**Exercise brief**: Return each record word for word and omit the pictures.

[Dataset records]
►

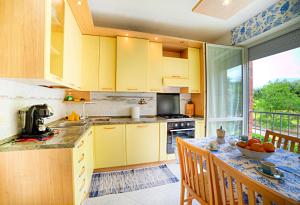 een keuken met gele kasten en een tafel met een fruitschaal bij Roger's Apartment in Siena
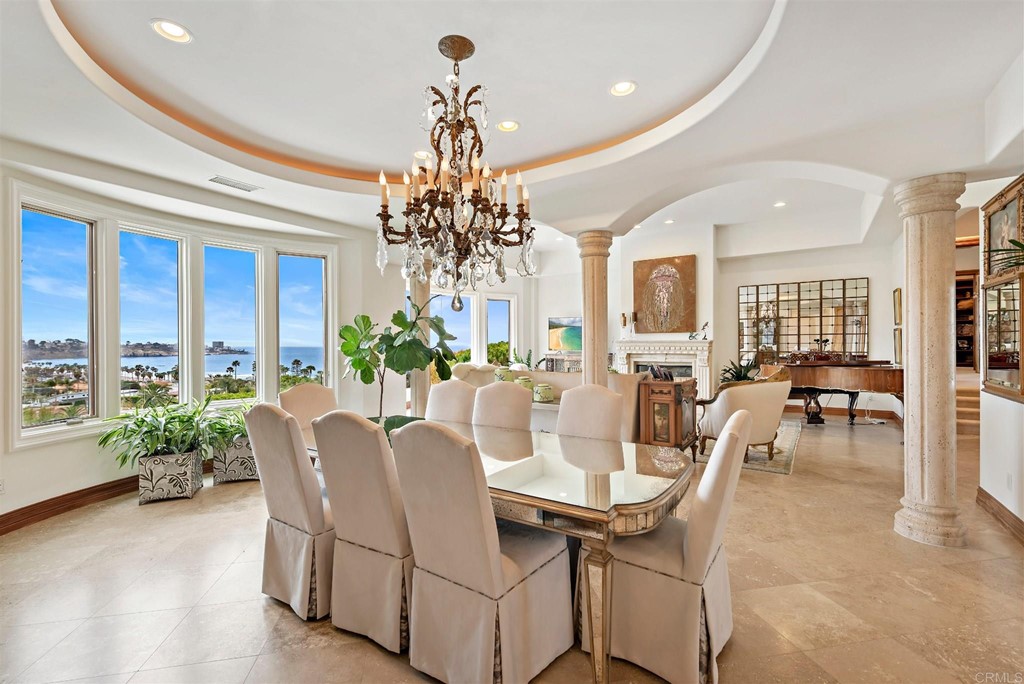 8606 Ruette Monte Carlo La Jolla, CA 92037 - Photo 3 of 13 a view of a dining room with furniture window and wooden floor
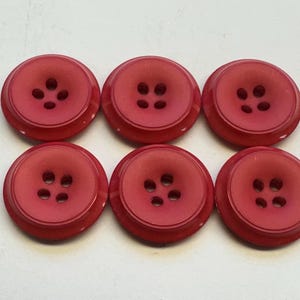 May include: Six red buttons with four holes each are arranged in a close-up shot. The buttons have a slightly raised centre and a rounded edge. The buttons are a solid, matte red colour.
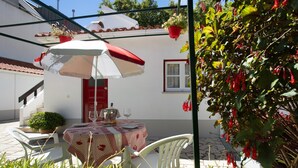 Un patio con una mesa, sillas, un paraguas rojo y blanco, y plantas en macetas.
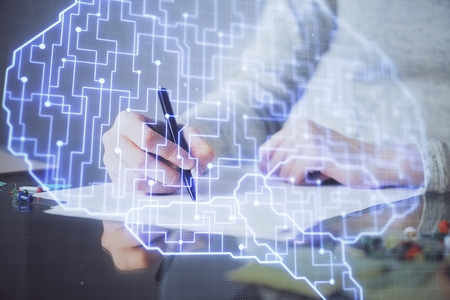 Double exposure of womans writing hand on  with brain hud. Concept of learning.の写真素材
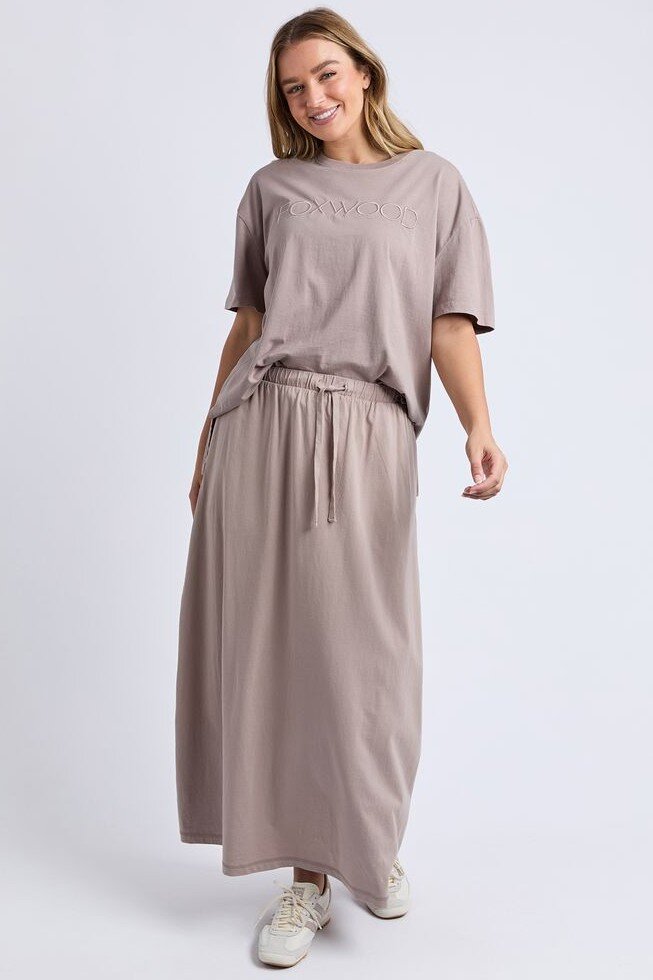 Image of A woman modeling a matching Foxwood taupe two-piece lounge set consisting of a short-sleeve t-shirt with tonal embroidery and matching wide-leg drawstring trousers, paired with white sneakers against a light gray studio background.
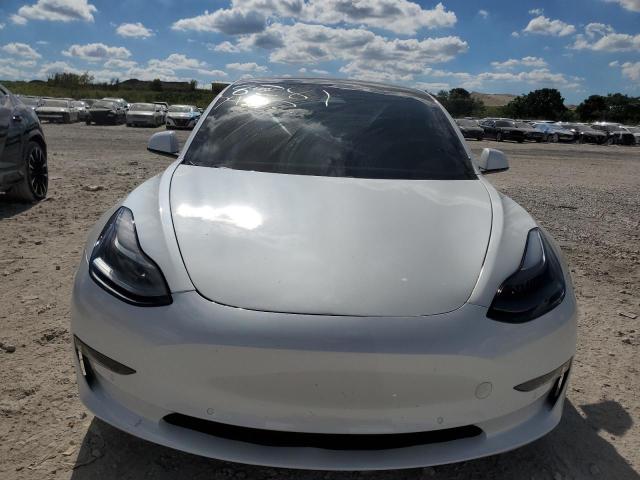 82817484-2021-tesla-model-3_5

◄

**Result of the exercise**:
 een keuken met gele kasten en een tafel met een fruitschaal bij Roger's Apartment in Siena
 8606 Ruette Monte Carlo La Jolla, CA 92037 - Photo 3 of 13 a view of a dining room with furniture window and wooden floor
 May include: Six red buttons with four holes each are arranged in a close-up shot. The buttons have a slightly raised centre and a rounded edge. The buttons are a solid, matte red colour.
 Un patio con una mesa, sillas, un paraguas rojo y blanco, y plantas en macetas.
 Double exposure of womans writing hand on  with brain hud. Concept of learning.の写真素材
 Image of A woman modeling a matching Foxwood taupe two-piece lounge set consisting of a short-sleeve t-shirt with tonal embroidery and matching wide-leg drawstring trousers, paired with white sneakers against a light gray studio background.
 82817484-2021-tesla-model-3_5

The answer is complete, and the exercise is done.